SUPPLIED MATERIAL —
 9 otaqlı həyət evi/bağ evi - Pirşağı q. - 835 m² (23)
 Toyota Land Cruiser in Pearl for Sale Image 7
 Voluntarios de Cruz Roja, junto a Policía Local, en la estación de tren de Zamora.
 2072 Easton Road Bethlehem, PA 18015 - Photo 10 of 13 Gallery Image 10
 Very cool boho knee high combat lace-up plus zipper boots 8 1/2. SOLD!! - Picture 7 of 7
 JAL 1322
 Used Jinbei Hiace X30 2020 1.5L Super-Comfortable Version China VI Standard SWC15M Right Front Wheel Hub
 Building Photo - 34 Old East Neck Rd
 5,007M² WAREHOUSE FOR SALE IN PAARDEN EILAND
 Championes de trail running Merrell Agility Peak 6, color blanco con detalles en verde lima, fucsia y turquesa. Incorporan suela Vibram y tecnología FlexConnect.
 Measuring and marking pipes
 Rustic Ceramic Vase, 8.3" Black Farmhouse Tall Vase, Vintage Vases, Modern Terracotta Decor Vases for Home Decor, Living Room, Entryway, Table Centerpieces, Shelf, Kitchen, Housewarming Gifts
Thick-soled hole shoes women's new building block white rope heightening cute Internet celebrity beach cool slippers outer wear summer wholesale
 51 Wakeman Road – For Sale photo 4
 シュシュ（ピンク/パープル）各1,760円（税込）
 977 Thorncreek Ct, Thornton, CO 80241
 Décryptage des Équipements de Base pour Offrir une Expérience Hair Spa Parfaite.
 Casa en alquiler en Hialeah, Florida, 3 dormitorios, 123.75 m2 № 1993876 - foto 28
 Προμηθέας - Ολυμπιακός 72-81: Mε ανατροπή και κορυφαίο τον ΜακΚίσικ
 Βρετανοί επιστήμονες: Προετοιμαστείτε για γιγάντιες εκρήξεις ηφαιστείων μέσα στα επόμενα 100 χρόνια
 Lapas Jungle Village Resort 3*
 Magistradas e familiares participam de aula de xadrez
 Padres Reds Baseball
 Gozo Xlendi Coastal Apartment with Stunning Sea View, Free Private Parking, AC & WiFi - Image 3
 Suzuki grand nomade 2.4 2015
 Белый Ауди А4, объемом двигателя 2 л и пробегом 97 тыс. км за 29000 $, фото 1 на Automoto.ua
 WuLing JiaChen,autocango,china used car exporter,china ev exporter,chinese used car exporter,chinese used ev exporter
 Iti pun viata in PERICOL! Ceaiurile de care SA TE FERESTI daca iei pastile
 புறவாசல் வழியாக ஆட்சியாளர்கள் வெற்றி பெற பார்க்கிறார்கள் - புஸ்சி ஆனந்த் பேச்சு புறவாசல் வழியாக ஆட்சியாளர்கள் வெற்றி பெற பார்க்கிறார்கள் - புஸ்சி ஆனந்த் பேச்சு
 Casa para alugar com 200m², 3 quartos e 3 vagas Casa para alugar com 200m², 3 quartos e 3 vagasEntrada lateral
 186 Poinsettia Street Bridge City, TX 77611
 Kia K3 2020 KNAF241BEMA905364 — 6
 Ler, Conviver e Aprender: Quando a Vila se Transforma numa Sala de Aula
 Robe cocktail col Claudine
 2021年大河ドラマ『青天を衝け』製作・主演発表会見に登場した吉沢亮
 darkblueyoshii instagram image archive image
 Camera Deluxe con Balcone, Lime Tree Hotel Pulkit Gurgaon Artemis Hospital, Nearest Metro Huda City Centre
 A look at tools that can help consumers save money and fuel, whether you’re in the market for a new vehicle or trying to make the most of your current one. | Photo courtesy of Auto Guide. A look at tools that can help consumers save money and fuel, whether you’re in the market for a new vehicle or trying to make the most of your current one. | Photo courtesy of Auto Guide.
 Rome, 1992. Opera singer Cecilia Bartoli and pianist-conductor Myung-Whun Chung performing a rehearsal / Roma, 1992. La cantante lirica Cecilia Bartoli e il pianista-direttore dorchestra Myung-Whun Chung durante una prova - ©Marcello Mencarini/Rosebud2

EXERCISE BRIEF — Transcribe the data above in its entirety, exactly.

ANSWER —
 9 otaqlı həyət evi/bağ evi - Pirşağı q. - 835 m² (23)
 Toyota Land Cruiser in Pearl for Sale Image 7
 Voluntarios de Cruz Roja, junto a Policía Local, en la estación de tren de Zamora.
 2072 Easton Road Bethlehem, PA 18015 - Photo 10 of 13 Gallery Image 10
 Very cool boho knee high combat lace-up plus zipper boots 8 1/2. SOLD!! - Picture 7 of 7
 JAL 1322
 Used Jinbei Hiace X30 2020 1.5L Super-Comfortable Version China VI Standard SWC15M Right Front Wheel Hub
 Building Photo - 34 Old East Neck Rd
 5,007M² WAREHOUSE FOR SALE IN PAARDEN EILAND
 Championes de trail running Merrell Agility Peak 6, color blanco con detalles en verde lima, fucsia y turquesa. Incorporan suela Vibram y tecnología FlexConnect.
 Measuring and marking pipes
 Rustic Ceramic Vase, 8.3" Black Farmhouse Tall Vase, Vintage Vases, Modern Terracotta Decor Vases for Home Decor, Living Room, Entryway, Table Centerpieces, Shelf, Kitchen, Housewarming Gifts
Thick-soled hole shoes women's new building block white rope heightening cute Internet celebrity beach cool slippers outer wear summer wholesale
 51 Wakeman Road – For Sale photo 4
 シュシュ（ピンク/パープル）各1,760円（税込）
 977 Thorncreek Ct, Thornton, CO 80241
 Décryptage des Équipements de Base pour Offrir une Expérience Hair Spa Parfaite.
 Casa en alquiler en Hialeah, Florida, 3 dormitorios, 123.75 m2 № 1993876 - foto 28
 Προμηθέας - Ολυμπιακός 72-81: Mε ανατροπή και κορυφαίο τον ΜακΚίσικ
 Βρετανοί επιστήμονες: Προετοιμαστείτε για γιγάντιες εκρήξεις ηφαιστείων μέσα στα επόμενα 100 χρόνια
 Lapas Jungle Village Resort 3*
 Magistradas e familiares participam de aula de xadrez
 Padres Reds Baseball
 Gozo Xlendi Coastal Apartment with Stunning Sea View, Free Private Parking, AC & WiFi - Image 3
 Suzuki grand nomade 2.4 2015
 Белый Ауди А4, объемом двигателя 2 л и пробегом 97 тыс. км за 29000 $, фото 1 на Automoto.ua
 WuLing JiaChen,autocango,china used car exporter,china ev exporter,chinese used car exporter,chinese used ev exporter
 Iti pun viata in PERICOL! Ceaiurile de care SA TE FERESTI daca iei pastile
 புறவாசல் வழியாக ஆட்சியாளர்கள் வெற்றி பெற பார்க்கிறார்கள் - புஸ்சி ஆனந்த் பேச்சு புறவாசல் வழியாக ஆட்சியாளர்கள் வெற்றி பெற பார்க்கிறார்கள் - புஸ்சி ஆனந்த் பேச்சு
 Casa para alugar com 200m², 3 quartos e 3 vagas Casa para alugar com 200m², 3 quartos e 3 vagasEntrada lateral
 186 Poinsettia Street Bridge City, TX 77611
 Kia K3 2020 KNAF241BEMA905364 — 6
 Ler, Conviver e Aprender: Quando a Vila se Transforma numa Sala de Aula
 Robe cocktail col Claudine
 2021年大河ドラマ『青天を衝け』製作・主演発表会見に登場した吉沢亮
 darkblueyoshii instagram image archive image
 Camera Deluxe con Balcone, Lime Tree Hotel Pulkit Gurgaon Artemis Hospital, Nearest Metro Huda City Centre
 A look at tools that can help consumers save money and fuel, whether you’re in the market for a new vehicle or trying to make the most of your current one. | Photo courtesy of Auto Guide. A look at tools that can help consumers save money and fuel, whether you’re in the market for a new vehicle or trying to make the most of your current one. | Photo courtesy of Auto Guide.
 Rome, 1992. Opera singer Cecilia Bartoli and pianist-conductor Myung-Whun Chung performing a rehearsal / Roma, 1992. La cantante lirica Cecilia Bartoli e il pianista-direttore dorchestra Myung-Whun Chung durante una prova - ©Marcello Mencarini/Rosebud2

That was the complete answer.